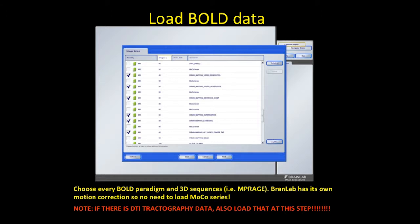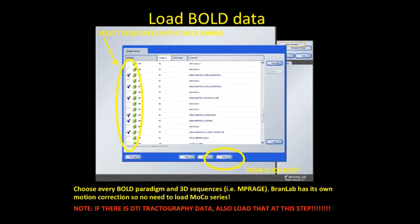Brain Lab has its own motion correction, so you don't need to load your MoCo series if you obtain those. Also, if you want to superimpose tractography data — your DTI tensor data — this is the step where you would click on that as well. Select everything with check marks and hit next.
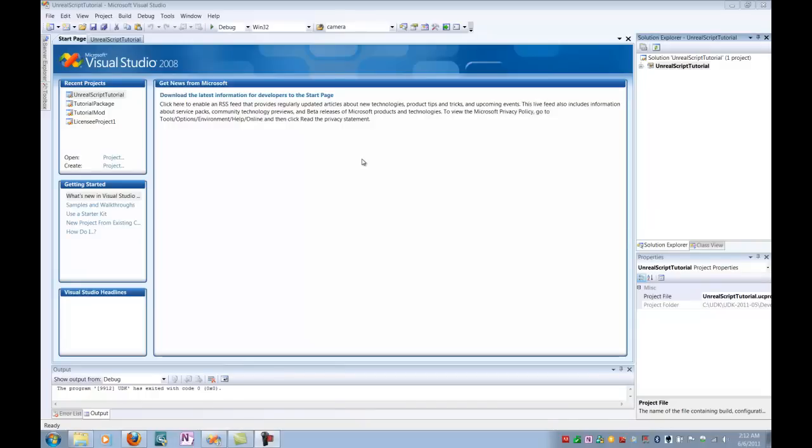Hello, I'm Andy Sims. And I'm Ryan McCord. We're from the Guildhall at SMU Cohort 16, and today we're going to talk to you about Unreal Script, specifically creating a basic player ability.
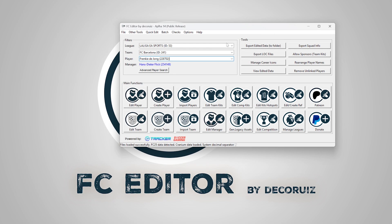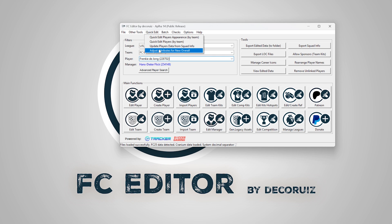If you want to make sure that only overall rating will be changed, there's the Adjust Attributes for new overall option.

◆ EXERCISE DESCRIPTION
Only the pictures are to be left out; all other material is to be output exactly.

◆ TASK ANSWER
Brain Lab has its own motion correction, so you don't need to load your MoCo series if you obtain those. Also, if you want to superimpose tractography data — your DTI tensor data — this is the step where you would click on that as well. Select everything with check marks and hit next.
Hello, I'm Andy Sims. And I'm Ryan McCord. We're from the Guildhall at SMU Cohort 16, and today we're going to talk to you about Unreal Script, specifically creating a basic player ability.
If you want to make sure that only overall rating will be changed, there's the Adjust Attributes for new overall option.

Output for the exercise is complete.